The book is aimed at a narrow and fairly unusual target audience. Much of it reads like it’s directed at psychology researchers, but the more original parts of the book require thinking like a mathematician.
The survey part seems pretty comprehensive, but I wasn’t satisfied with his ability to distinguish the valuable parts (although he did a good job of ignoring the politicized rants that plague many discussions of this subject).
For nearly the first 200 pages of the book, I was mostly wondering whether the book would address anything important enough for me to want to read to the end. Then I reached an impressive part: a description of an objective IQ-like measure. Hernández-Orallo offers a test (called the C-test) which:
- measures a well-defined concept: sequential inductive inference,
- defines the correct responses using an objective rule (based on Kolmogorov complexity),
- with essentially no arbitrary cultural bias (the main feature that looks like an arbitrary cultural bias is the choice of alphabet and its order),
- and gives results in objective units (based on Levin’s Kt).
Yet just when I got my hopes up for a major improvement in real-world IQ testing, he points out that what the C-test measures is too narrow to be called intelligence: there’s a 960 line Perl program that exhibits human-level performance on this kind of test, without resembling a breakthrough in AI.
The book provides rigorous analysis of some aspects of the AI foom debate. At least one subset of intelligence requires exponentially increasing resources for linear gains in an objective measure of that subset of intelligence. His overall claim is obviously too narrow to say anything conclusive about foom. The argument made me somewhat more confident that foom is only plausible in the presence of significant hardware overhang. But the book also convinced me that hardware overhang is more likely than I previously believed.
His measures seem sufficiently IQ-like that I believe his argument implies that exponentially increasing resources are generally needed for linear increases in IQ. Unfortunately, linear gains in IQ don’t imply anything simple about gains in ability at world domination.
Hernández-Orallo complains about Bostrom’s lack of rigor in Superintelligence. Most authors would be making selective demands for rigor if they made that complaint, but Hernández-Orallo seems fairly consistent about wanting to focus on rigorous analysis, even when that implies not tackling the most important problems we face.
He mentions that compression is similar to intelligence, but claims it isn’t an adequate measure of intelligence. His only clear counter-example is that some algorithms produce better lossless compression than humans, without being more intelligent than humans. I find that unconvincing: humans don’t try to do lossless compression as well as they do lossy compression, so it’s hard to evaluate human compression abilities in ways that are both fair and rigorous. I have vague hopes that someone can find a good way to objectively measure human compression abilities, but it’s unclear whether that would be worth the effort.
The farther Hernández-Orallo strays from his areas of expertise (which isn’t often), the less convincing he sounds. For example, he suggests that robot waiters will learn how to get higher tips from customers. That assumes a rather strange model of why tipping happens; I predict that tipping will be obsolete in restaurants without human waiters.

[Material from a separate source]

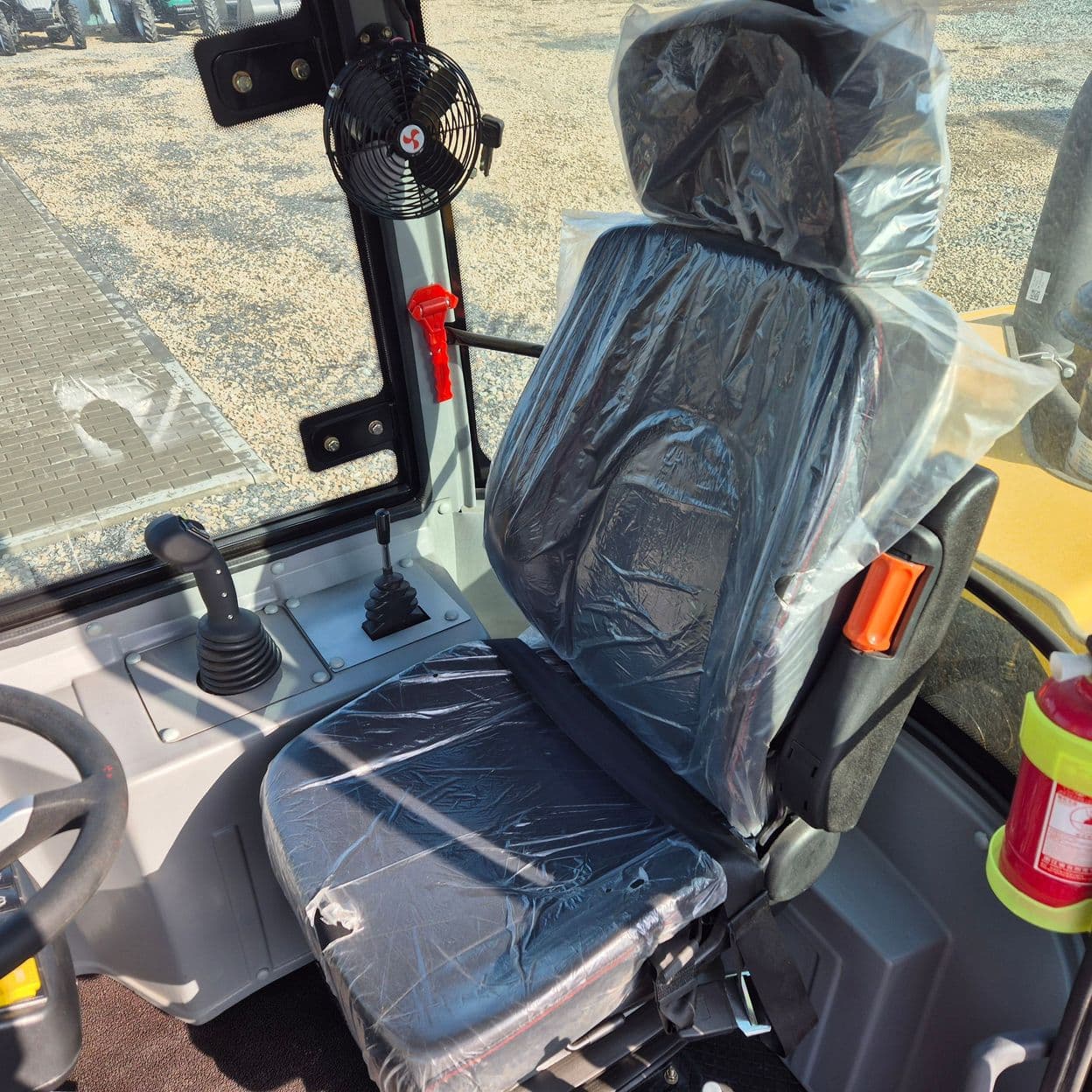 Купить Телескопический колесный погрузчик FORLOAD T3500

Some other interesting ideas that I’m too busy to discuss now:
- He conjectures that, contrary to Spearman’s law of diminishing returns, minds in general (i.e. typical AIs) will show a higher g-factor as their intelligence increases.
- Graphs of crowd IQ as a function of crowd size.
- This paper claims that
High general intelligence has independently evolved at least four times, with convergent evolution in capuchins, baboons, macaques and great apes.

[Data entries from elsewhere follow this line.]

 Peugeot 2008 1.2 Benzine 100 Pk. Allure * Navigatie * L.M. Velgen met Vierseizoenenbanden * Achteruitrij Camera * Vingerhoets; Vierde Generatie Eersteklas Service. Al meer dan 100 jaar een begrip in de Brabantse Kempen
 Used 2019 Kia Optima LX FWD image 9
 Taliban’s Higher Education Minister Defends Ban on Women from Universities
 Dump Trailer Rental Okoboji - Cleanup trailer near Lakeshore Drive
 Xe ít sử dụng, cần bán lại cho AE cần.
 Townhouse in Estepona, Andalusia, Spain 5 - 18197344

The book clarified my knowledge of intelligence testing, and slightly improved my understanding of what intelligence is. It’s essential reading for a rather narrow set of people.
 – I use the term “arbitrary” there to distinguish undesirable biases from the cultural biases toward abstract thought (which belong in IQ tests), and possible biases toward test subjects who are motivated to score well (that’s a messy subject, and mostly beyond the scope of the book).